Southern
Serengeti, mid-March: we are surrounded by thousands of wildebeests on either
side. We’ve stopped our vehicle to watch. We look left and right, forward and
back: they are everywhere, a sea of life across this African plain. Running,
jumping, grazing, nursing. Bucks and youngsters, mothers and babies. We are
here at the end of calving season (500,000 calves are born each year, in a
mostly condensed time frame near the end of February ) and the beginning of their
annual migration (map here).
They are gathering in the tens of thousands, nursing their young and congregating under trees.
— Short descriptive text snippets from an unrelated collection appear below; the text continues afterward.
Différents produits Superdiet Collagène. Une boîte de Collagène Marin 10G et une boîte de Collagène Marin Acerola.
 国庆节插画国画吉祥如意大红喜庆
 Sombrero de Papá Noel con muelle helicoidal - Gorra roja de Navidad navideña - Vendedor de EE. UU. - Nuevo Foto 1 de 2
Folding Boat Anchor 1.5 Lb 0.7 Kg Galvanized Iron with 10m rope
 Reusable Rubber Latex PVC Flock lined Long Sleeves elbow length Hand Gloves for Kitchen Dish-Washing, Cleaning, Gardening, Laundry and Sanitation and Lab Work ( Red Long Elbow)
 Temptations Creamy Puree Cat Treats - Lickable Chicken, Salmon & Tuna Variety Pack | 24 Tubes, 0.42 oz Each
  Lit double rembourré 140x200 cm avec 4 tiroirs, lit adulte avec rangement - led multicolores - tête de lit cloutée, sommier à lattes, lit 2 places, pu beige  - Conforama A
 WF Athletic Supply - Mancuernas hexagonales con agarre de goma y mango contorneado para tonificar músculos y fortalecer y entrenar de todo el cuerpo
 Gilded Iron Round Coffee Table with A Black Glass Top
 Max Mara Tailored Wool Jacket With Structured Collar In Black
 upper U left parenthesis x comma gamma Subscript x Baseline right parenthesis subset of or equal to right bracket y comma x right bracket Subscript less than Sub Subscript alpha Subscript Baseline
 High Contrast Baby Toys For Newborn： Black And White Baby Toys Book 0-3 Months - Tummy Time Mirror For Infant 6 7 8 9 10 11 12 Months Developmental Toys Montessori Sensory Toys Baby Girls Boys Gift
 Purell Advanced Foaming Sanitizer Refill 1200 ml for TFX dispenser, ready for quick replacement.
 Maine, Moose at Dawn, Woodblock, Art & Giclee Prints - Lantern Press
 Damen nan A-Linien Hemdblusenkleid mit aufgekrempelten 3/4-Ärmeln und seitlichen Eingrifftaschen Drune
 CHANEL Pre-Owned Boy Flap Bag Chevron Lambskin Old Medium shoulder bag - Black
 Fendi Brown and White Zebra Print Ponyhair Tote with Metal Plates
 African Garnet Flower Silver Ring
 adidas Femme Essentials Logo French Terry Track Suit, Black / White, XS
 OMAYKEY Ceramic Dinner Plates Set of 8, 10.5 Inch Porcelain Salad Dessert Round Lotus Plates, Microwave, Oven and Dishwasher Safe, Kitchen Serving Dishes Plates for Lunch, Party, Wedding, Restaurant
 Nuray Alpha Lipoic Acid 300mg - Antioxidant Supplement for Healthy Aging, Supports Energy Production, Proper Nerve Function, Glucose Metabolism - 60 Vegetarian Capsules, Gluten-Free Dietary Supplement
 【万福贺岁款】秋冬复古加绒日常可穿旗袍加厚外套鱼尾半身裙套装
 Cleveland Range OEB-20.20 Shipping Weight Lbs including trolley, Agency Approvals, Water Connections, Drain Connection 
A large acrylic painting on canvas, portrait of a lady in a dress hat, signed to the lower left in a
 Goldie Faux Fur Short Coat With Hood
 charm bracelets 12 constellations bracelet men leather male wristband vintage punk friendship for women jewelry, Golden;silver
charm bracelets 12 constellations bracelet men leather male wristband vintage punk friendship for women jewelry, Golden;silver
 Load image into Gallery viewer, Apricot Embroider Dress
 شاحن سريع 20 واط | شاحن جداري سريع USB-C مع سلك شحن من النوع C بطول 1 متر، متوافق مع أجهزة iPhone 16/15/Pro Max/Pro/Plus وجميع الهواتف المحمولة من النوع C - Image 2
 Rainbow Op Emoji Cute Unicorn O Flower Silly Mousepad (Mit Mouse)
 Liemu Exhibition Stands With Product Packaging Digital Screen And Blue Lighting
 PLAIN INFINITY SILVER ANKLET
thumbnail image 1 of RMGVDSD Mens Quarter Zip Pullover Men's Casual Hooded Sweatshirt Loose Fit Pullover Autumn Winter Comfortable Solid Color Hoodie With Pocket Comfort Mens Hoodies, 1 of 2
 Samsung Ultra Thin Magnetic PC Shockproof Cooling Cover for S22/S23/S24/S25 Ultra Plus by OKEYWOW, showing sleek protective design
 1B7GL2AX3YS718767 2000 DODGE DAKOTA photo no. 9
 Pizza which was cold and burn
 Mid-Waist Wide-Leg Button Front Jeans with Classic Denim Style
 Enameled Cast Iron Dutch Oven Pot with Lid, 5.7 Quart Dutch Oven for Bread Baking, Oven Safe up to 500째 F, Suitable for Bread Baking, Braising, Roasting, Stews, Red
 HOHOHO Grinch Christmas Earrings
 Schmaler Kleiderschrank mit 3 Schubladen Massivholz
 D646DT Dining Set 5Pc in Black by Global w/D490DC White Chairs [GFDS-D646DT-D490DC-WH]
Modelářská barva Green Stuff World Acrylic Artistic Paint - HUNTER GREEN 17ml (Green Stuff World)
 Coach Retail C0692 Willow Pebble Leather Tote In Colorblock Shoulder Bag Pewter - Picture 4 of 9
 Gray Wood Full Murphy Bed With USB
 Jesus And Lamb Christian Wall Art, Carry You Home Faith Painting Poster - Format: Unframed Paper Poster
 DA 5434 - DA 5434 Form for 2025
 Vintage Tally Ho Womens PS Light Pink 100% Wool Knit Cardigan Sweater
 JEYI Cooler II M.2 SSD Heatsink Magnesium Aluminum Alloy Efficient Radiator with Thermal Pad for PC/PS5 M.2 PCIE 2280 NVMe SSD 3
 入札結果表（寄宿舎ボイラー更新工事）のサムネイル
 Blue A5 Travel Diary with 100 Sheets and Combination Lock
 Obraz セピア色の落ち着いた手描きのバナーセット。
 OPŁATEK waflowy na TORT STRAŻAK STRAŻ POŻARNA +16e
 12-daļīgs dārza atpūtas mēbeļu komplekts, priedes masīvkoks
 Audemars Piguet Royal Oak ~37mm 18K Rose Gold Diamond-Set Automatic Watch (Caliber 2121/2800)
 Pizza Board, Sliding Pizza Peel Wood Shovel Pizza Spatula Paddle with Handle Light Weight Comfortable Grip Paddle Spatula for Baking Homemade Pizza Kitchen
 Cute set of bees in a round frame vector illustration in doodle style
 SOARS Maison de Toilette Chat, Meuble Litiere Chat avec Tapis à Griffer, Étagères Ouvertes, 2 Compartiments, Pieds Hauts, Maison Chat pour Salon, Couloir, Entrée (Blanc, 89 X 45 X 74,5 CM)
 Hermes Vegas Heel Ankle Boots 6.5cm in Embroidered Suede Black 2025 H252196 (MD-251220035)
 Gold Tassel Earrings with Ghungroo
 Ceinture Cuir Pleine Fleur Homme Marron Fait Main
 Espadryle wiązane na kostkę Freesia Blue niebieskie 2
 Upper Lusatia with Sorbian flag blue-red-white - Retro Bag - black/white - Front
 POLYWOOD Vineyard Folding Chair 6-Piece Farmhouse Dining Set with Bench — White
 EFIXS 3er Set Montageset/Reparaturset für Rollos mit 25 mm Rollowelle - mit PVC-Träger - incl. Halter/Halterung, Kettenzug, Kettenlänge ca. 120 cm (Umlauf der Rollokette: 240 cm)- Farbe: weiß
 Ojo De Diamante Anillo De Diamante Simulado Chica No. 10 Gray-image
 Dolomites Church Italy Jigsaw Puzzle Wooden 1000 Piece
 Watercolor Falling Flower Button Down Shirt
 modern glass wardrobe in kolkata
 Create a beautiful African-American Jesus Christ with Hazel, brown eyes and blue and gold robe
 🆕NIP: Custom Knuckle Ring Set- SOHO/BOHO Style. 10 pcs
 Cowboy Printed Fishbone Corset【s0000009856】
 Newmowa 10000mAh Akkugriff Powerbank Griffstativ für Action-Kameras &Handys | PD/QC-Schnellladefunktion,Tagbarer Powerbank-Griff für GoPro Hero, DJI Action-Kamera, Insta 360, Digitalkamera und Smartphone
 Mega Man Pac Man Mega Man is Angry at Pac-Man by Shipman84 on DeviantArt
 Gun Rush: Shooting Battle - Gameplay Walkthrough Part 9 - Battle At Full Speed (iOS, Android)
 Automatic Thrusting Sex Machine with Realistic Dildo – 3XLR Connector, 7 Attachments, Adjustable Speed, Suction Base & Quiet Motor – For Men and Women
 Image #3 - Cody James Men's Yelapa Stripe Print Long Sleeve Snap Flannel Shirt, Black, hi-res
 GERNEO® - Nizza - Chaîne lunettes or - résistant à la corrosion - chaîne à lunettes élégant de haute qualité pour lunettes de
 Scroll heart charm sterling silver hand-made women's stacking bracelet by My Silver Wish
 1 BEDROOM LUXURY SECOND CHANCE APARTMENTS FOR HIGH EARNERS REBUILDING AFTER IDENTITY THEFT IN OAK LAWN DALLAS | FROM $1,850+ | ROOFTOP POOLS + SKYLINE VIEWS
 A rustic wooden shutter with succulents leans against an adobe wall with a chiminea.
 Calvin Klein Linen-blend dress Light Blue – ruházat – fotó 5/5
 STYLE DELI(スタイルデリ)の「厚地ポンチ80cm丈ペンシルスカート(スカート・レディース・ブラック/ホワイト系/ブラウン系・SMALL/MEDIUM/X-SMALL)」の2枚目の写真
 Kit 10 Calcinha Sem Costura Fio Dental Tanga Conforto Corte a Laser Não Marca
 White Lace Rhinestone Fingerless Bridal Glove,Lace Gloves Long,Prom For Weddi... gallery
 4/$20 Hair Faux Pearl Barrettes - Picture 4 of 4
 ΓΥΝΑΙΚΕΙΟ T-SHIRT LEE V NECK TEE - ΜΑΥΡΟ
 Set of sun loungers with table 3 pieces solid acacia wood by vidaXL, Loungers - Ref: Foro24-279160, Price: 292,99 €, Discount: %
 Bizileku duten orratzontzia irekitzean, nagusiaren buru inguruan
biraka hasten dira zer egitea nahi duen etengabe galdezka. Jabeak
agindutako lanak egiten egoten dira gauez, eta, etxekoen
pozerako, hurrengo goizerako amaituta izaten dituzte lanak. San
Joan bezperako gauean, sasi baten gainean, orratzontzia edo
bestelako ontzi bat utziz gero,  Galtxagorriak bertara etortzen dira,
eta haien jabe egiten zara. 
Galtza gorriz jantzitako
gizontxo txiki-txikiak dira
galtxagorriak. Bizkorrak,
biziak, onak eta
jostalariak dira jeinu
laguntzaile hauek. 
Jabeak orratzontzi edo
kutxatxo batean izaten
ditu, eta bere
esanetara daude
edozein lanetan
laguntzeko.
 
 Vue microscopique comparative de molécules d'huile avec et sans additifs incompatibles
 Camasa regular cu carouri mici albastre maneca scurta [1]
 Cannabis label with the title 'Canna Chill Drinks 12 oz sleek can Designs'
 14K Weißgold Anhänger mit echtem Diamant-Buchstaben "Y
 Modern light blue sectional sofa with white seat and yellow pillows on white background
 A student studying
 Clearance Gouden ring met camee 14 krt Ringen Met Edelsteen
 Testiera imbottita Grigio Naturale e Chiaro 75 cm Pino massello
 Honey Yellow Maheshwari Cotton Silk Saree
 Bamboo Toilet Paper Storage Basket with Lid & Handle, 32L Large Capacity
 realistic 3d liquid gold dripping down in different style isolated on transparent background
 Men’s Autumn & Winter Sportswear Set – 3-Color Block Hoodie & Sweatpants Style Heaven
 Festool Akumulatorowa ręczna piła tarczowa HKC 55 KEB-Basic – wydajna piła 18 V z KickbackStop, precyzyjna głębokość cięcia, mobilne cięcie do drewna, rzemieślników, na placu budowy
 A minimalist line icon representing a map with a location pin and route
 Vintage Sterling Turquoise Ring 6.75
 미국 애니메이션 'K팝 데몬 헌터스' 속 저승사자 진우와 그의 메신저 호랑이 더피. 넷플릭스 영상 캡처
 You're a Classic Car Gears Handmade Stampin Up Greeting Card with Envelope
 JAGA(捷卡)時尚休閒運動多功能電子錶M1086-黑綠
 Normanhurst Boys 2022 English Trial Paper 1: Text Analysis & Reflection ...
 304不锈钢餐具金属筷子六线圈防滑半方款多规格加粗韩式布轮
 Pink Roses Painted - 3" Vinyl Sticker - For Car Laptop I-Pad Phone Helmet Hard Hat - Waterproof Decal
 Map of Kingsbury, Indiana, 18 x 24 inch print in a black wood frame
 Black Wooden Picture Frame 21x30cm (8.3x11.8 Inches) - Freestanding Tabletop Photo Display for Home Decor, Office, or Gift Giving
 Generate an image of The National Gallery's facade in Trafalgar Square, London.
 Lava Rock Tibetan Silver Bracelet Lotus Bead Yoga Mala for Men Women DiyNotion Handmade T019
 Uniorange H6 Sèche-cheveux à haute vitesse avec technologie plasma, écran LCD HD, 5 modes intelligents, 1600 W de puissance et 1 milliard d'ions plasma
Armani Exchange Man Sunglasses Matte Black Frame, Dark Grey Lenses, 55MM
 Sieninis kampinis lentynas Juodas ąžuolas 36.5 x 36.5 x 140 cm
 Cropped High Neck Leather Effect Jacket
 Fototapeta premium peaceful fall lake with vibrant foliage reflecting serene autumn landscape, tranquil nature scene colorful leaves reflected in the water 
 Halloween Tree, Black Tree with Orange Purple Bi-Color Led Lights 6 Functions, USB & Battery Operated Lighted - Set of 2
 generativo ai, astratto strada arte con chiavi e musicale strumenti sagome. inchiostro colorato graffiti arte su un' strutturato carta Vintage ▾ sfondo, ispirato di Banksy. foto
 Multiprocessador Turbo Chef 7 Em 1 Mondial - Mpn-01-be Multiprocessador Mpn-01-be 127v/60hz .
When we first see them, the grass is tall and wavy; near the end of our week we see large swaths of short stubble as they set out, following patterns of
rains and grassland. Some 1.5 million wildebeests and 250,000 zebra travel a
nearly 2000-mile clockwise route each year to move south to west to north
(traversing national boundaries into Kenya’s Mara Maarai game reserve as well), and then
back again when the season comes round. Besides wildebeest and zebra, the
migration also includes Grant and Thompson gazelles, impala and eland. We feel
lucky and overwhelmed by the sheer numbers.
*
The
Serengeti is named from the Maasai language, Maa: ‘serengit’ means ‘endless
plains’.
Seeing
this migration in the Serengeti takes some doing. You have to travel hundreds of
miles (or thousands, depending on your departure point) just to get here, first
by air and then over rough roads. Our focus was the southern Serengeti and the Seronera
Valley, a grassy expanse of plain with granite kopjes offering shade and
shelter for their own mini-ecosystems with thriving baboon families, snakes, chameleons
and red-headed rock agama. How’d we come to be here, so far from our usual
coastal living? A relative who visits every now and then said at the beginning
of the month that he’d like to go on a safari – and invited us along. So we buttoned
up Momo and flew to Arusha. From
there, we travelled for a week with our binoculars and guide.
We
learned more in a week than we’ve ever learned about animals, big and small. We
sat in silence on the side of the road, day after day, awed by the vibrancy of
life around us: elephants bathing, lions mating, giraffes loping, cheetahs
feeding, rhinos grazing, eagles swooping, flamingos flapping, buffalo grunting,
buzzards buzzing, weavers weaving. Even dung beetles pushing their oversized
loads and tortoises sunbathing. We didn’t know what to expect when we said a
spontaneous yes to the offer of a
week in Ngorongoro and the Serengeti. We didn’t even know what The Big Five
were. But we know some things now. We saw The Big Five, yes. We saw The Ugly
Five. We even saw some of The Small Five. In a short week, days stretched from
pre-dawn purples to the deep black of night. We drove and drove and drove. It
made me feel very small, and very fortunate to be alive on this earth. It made
me cry at the unspoilt beauty.
*
We
fly back to Momo after our short
sojourn inland, awe and wonder pushing up in our chests as we looked down at
the expanse of land below us. We usually don’t have this kind of view – not in
such a compressed period of time. We see the world slowly; we follow the
horizon and travel with wind and current. We nourish ourselves with fish and
whatever’s available at local markets. We don’t buy meat anymore – because it’s
too hard to manage, because it’s overpriced, because it’s… Because.
We
feel both exhilarated and overwhelmed by the wildlife of the Serengeti – by the
numbers, by the variety, by the tenacity of nature. In 1972, when the United
Nations met to set up World Heritage Sites, the Serengeti topped the list. These days, there's continued talk of building a highway straight through the middle
of it.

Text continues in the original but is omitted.